%%

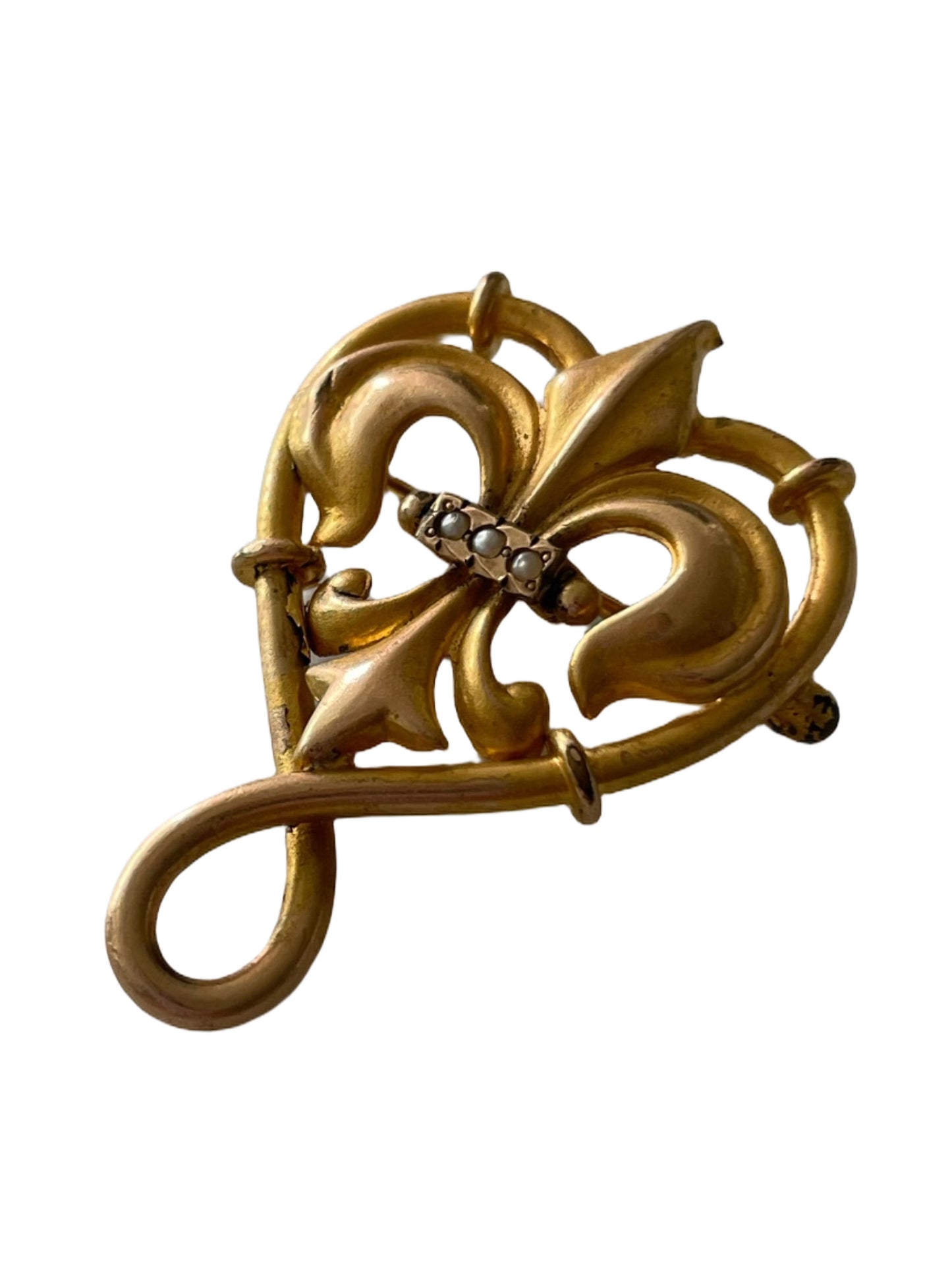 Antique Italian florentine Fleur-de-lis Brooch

%%
%%

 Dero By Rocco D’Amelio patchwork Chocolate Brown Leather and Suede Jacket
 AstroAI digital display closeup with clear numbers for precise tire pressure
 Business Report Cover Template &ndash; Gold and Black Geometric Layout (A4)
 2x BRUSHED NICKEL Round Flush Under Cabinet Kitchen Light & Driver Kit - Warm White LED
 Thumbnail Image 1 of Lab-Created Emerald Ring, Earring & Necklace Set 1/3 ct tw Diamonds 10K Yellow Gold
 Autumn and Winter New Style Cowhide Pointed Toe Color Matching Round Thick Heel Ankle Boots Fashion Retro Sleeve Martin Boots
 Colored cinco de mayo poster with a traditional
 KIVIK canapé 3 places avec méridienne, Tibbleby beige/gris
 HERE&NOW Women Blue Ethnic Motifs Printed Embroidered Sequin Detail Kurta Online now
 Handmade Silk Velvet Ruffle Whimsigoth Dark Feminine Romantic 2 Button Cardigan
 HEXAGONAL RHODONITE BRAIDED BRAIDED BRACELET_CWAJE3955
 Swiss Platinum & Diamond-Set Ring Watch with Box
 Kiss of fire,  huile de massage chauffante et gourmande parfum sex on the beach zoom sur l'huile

%%

» Your task
Here the job is to set down exactly the lines of the material above that fall between the one with "HEXAGONAL RHODONITE BRAIDED" and the one with "zoom sur l'huile", inclusive, and nothing beyond them.

» Written response
 HEXAGONAL RHODONITE BRAIDED BRAIDED BRACELET_CWAJE3955
 Swiss Platinum & Diamond-Set Ring Watch with Box
 Kiss of fire,  huile de massage chauffante et gourmande parfum sex on the beach zoom sur l'huile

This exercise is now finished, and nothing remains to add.